FIDEL

Por Carlos Romeo, desde Cuba

Lo vi por primera vez recién llegado a la Habana, en marzo de 1959, con ocasión de una concentración posterior a un desfile que me causó una enorme impresión porque lo encabezaban, codo a codo, el Comandante Raul Castro, Jefe del Ejército Rebelde y David Salvadores, secretario general de la CTC, la Central de Trabajadores de Cuba. Para un chileno que acababa de vivir la derrota de Allende en su segundo intento de llegar a La Moneda, era inconcebible la escena de una expresión pública de identidad de propósitos de un líder obrero y de un jefe militar. Más que eso, en términos chilenos eso era una imposibilidad política, social y hasta cultural.

Durante la concentración posterior empezó a llover y pude ver como ese hombre de alta estatura, vestido con su uniforme verde oliva, rechazaba los intentos de improvisar un toldo para protegerlo de la lluvia, con lo cual manifestaba que, si había que mojarse, se mojarían todos por parejo, él ya Primer Ministro de Cuba y el pueblo que había venido a escucharlo.

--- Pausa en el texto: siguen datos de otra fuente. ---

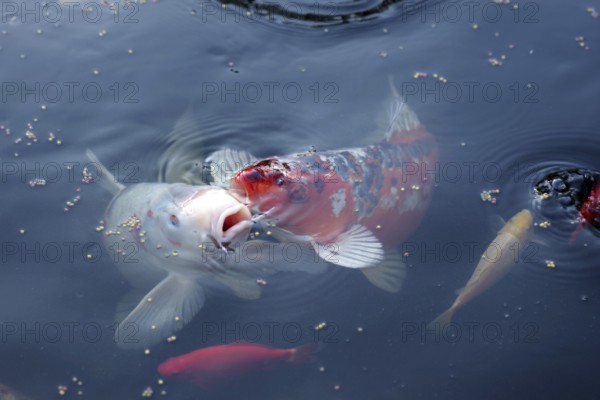 Koi (Cyprinus carpio), goldfish (Carassius auratus), fish, food, water, garden pond, hobby, Two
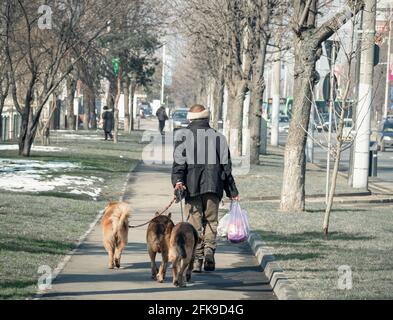 Obdachloser Mann mit drei streunenden Hunden und Taschen mit Lebensmitteln auf dem Bürgersteig, in Bukarest Rumänien Stockfoto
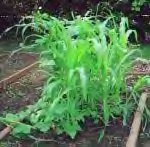 three sisters - an ancient garden trio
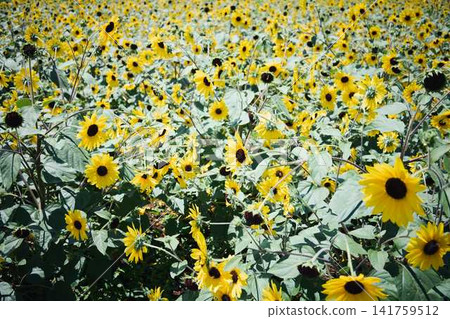 A sunflower field stretches out against a backdrop of blue skies and mountains, with sunflowers in full bloom. A sunflower field stretches out against a backdrop of blue skies and mountains, with sunflowers in full bloom. 141759512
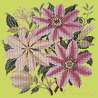 Elizabeth Bradley, Climbing Flower, CLEMATIS - 16x16 pollici Elizabeth Bradley - 8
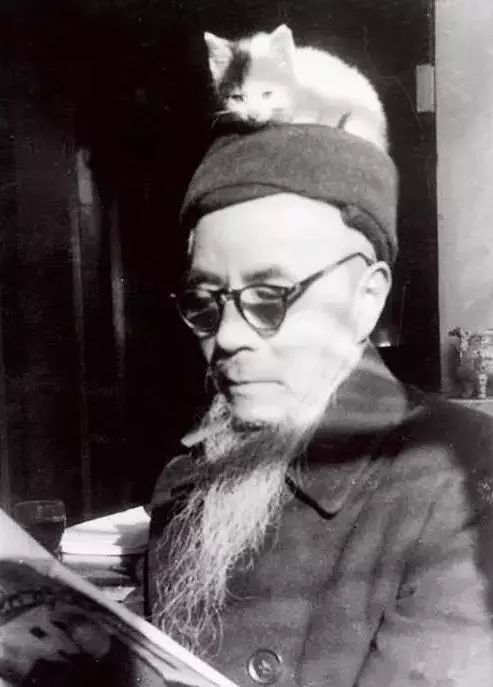 钱钟书和林徽因的护猫之战 (钱钟书的猫跟谁的猫打过架)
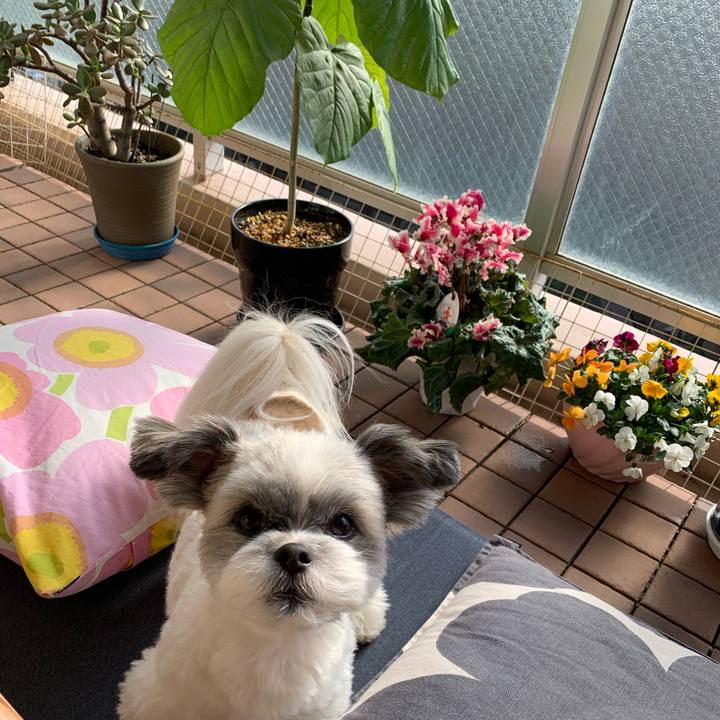 4b6861ac f80b 4af5 a6cb ec351bf26de7 1610775222735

Ese fue el segundo impacto que recibí ese día y empecé a vislumbrar que no me había equivocado, que había logrado involucrarme en una verdadera revolución social como un integrante de una misión de apoyo a ese nuevo Gobierno enviada por la CEPAL.

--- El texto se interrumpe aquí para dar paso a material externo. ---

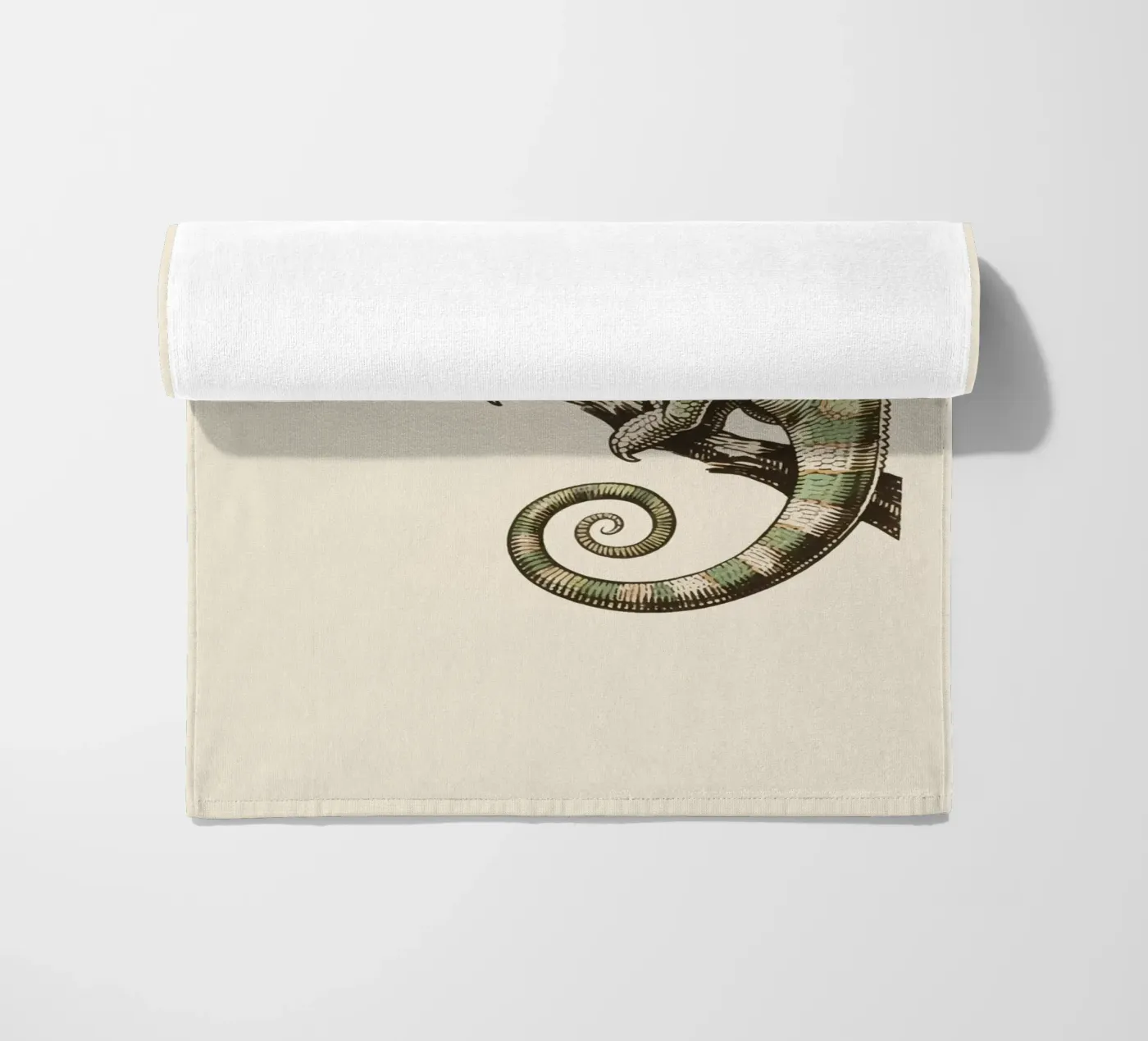 Camaleonte telo mare da knowledge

Unos meses después, en julio, ya yo trababa como asesor del Jefe de Producción del recientemente creado Instituto Nacional de la Reforma Agraria. Asistí a una reunión de Fidel con los 28 Jefes de Zona de Desarrollo Agropecuario en que se había dividido el territorio nacional para aplicar la nueva Ley de Reforma Agraria. El Director Jurídico del Instituto había preparado una demostración de cómo se podían determinar los límites de las fincas que debían ser expropiadas a los efectos de precisar el pago de esas tierras expropiadas con bonos a largo plazo que devengarían una tasa de interés del 4% anual, mediante mapas y unos artefactos ópticos para poder observarlos. Fidel empezó a recorrer la exhibición demostrando por sus gestos y su actitud una reacción claramente negativa. A poco andar, dejo de hacerlo y dirigiéndose a los presentes dijo, más o menos, lo siguiente: “Vamos a tumbar todas las cercas de este país, vamos a hacer lo que tenemos que hacer y después vamos a formalizar lo hecho”. Al escucharlo, me vino a la memoria “El Estado y la Revolución” de Lenin y comencé a aquilatar la profundidad del proceso en el cual estaba participando y, por consiguiente, el calibre revolucionario de su líder.

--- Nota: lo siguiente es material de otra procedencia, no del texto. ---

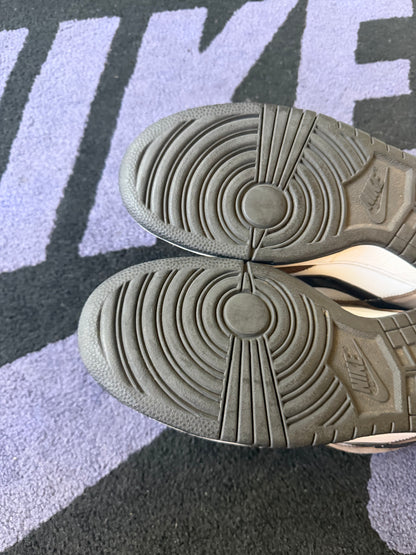 Size 11 - Nike Dunk Low Pro SB Trail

Poco tiempo después durante una segunda reunión de Fidel con sus Jefes de Zona de Desarrollo Agropecuario, uno de ellos le pregunto: “Fidel, ¿qué hacemos con los haitianos que viven en Cuba a la hora de distribuir tierra a quienes no la poseen?” a lo cual Fidel le pregunto “¿Son muchos?” y la respuesta fue la expresión cubana de muchos, “¡Cantidad!”. Y Fidel volvió a preguntar “¿Hace mucho que viven en Cuba?” y le contestaron afirmativamente. Fidel volvió a preguntar “¿Y han sido explotados?” y ante una nueva afirmación, contesto “Entonces tienen los mismos derechos que los cubanos”.

Para un chileno formado en una tradición patriótica según la cual era inconcebible identificar a un chileno con un peruano o con un boliviano, la decisión de Fidel fue chocante. Empecé a comprender que, para él, más que cubano o haitiano, lo significativo era la condición de ser humano, y en este caso, además pobres y explotados. Claro está que en aquellos días habría sido inconcebible que pudiera vislumbrar como 16 años después, haría extensiva su particular concepción de lo que es ser humano a los habitantes de Angola y de Namibia en el África Austral.

Y finalmente, al finalizar una de esas reuniones me presentaron ante él quien, pasándome el brazo sobre mis hombros, me pregunto “¿Hasta cuándo te quedas en Cuba?” Y yo, espontáneamente y sin siquiera aquilatar mi respuesta, le conteste “Hasta que usted me bote de Cuba”.

Eso fue hace 58 años atrás y todavía vivo en La Habana.